New Delhi, Feb 15 (IANS) The Centre on Friday told the Supreme Court that it would file on Monday (February 18) its response to a PIL challenging the amendments to the Prevention of Corruption Act mandating prior permission of the government for prosecuting a government servant for alleged graft.
Allowing the Centre time till February 18 to file its response, the bench of Chief Justice Ranjan Gogoi and Justice Sanjiv Khanna gave the petitioner Centre for Public Interest Litigation (CPIL), an NGO, a week’s time thereafter to file its rejoinder.
The top court had on November 26, 2018 issued a notice to the Centre and gave it six weeks time to file its response.

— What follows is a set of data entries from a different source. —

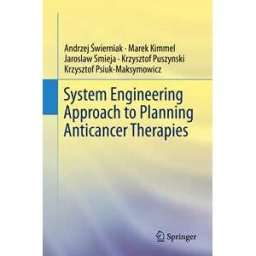 System Engineering Approach to Planning Anticancer Therapies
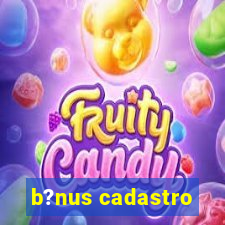 b?nus cadastro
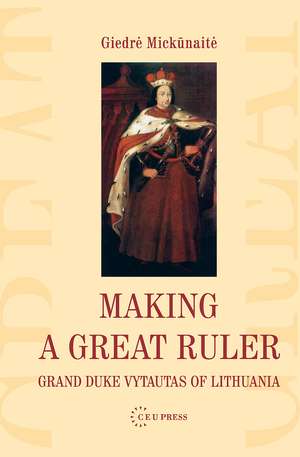 Making a Great Ruler: Grand Duke Vytautas of Lithuania de Giedre Mickunaite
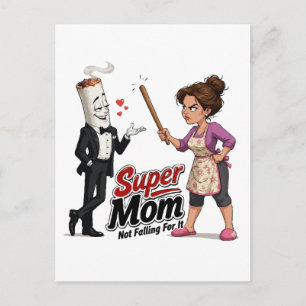Super Mama Trapt Er Niet In Briefkaart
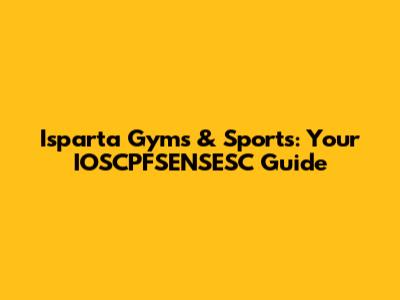 Isparta Gyms & Sports: Your IOSCPFSENSESC Guide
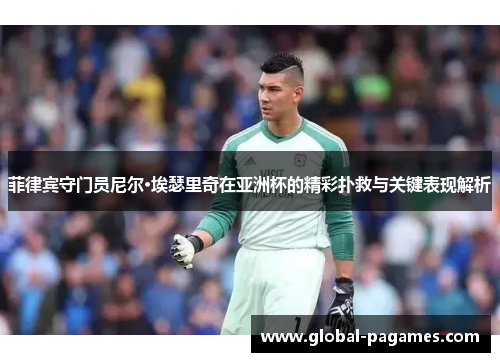 菲律宾守门员尼尔·埃瑟里奇在亚洲杯的精彩扑救与关键表现解析 菲律宾守门员尼尔·埃瑟里奇在亚洲杯的精彩扑救与关键表现解析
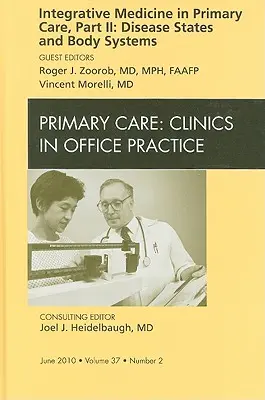 Medycyna integracyjna w podstawowej opiece zdrowotnej, część II: Stany chorobowe i układy organizmu, wydanie Primary Care Clinics in Office Practice, 37 - Integrative Medicine in Primary Care, Part II: Disease States and Body Systems, an Issue of Primary Care Clinics in Office Practice, 37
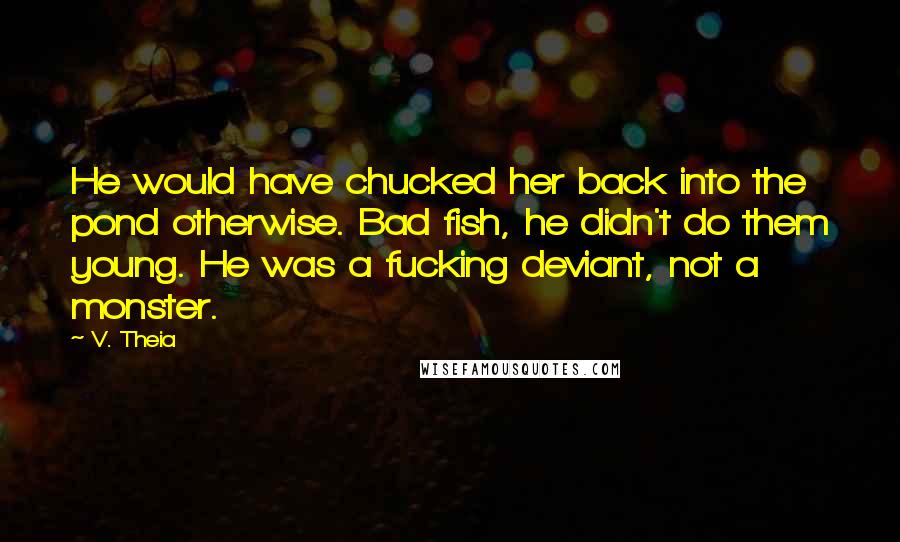 V. Theia Quotes: He would have chucked her back into the pond otherwise. Bad fish, he didn't do them young. He was a fucking deviant, not a monster.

The CPIL had also challenged the deletion of a provision under which misuse and abuse of official position for giving pecuniary or other advantage to anyone was considered misconduct.
A provision calling for a mandatory prior nod was introduced by Section 17 A (1) and the one relating to misconduct stood erased with the deletion of Section 13(1)(d)(ii) in the Prevention of Corruption Act.

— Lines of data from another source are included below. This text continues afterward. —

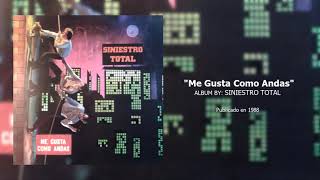 Siniestro Total  - Me gusta como andas (1988)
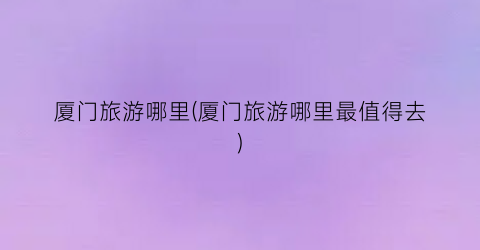 厦门旅游哪里(厦门旅游哪里最值得去)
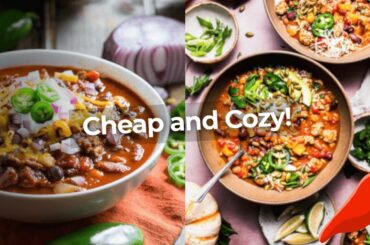 10 Cheap and Cozy Chili Recipes for Cold Nights | Easy Budget Meals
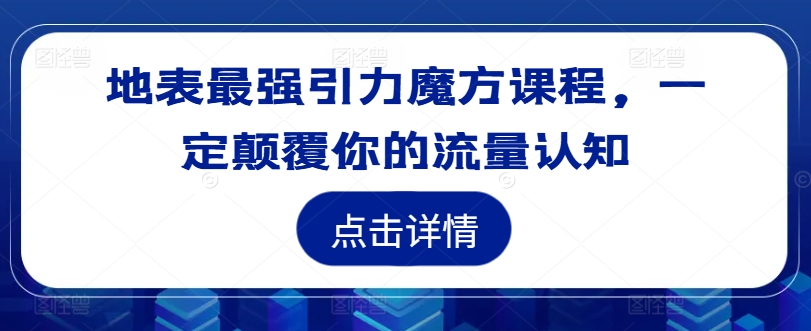 地表最强引力魔方课程,一定颠覆你的流量认知-阳知网创资源库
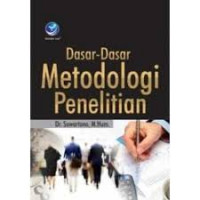 Dasar-Dasar Metodologi Penelitian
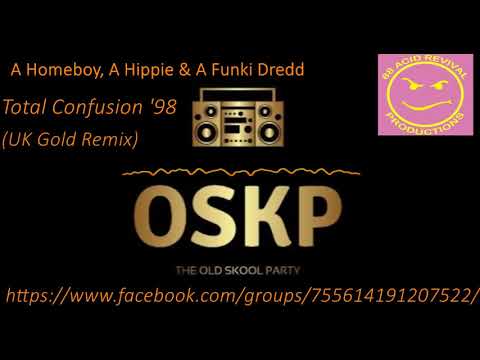A Homeboy, A Hippie & A Funki Dredd — A Homeboy, A Hippie & A Funki Dredd   Total Confusion '98 UK Gold Remix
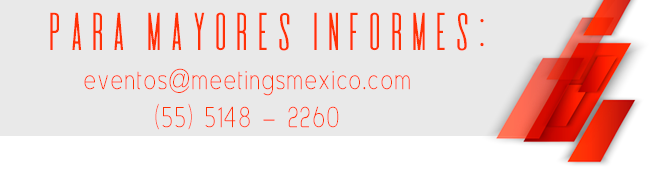 Para mayores informes: eventos@meetingsmexico.com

The provisions for prior government nod for proceeding against a public servant accused of graft and deletion of the one relating to misconduct were effected in the Prevention of Corruption Act by amending it.

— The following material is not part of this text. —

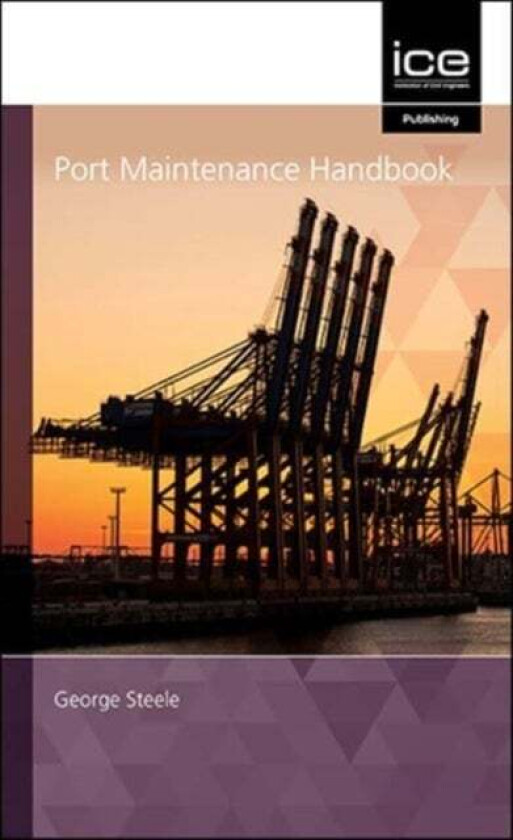 Port Maintenance Handbook av George Steel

With regard to the provision relating to misconduct, the petitioner NGO has contended that it has been used in most prosecutions of public servants under the Prevention of Corruption Act where there may not be a charge of directly accepting a bribe.
This provision, the petitioner NGO said, was used for prosecuting the officials in the coal scam cases where officials had given coal mining leases to companies.
The PIL said the amendments to the Prevention of Corruption Act violate Articles 14 and 21 of the Constitution and have rendered the anti-graft law “almost ineffective by completely diluting the scope of some of the original provisions” and would now “protect corrupt officials and exponentially increase corruption.”
CPIL counsel Prashant Bhushan had said that this was the “third attempt by the Union of India to introduce a provision which has already been twice held unconstitutional by the top court by its two separate judgements.”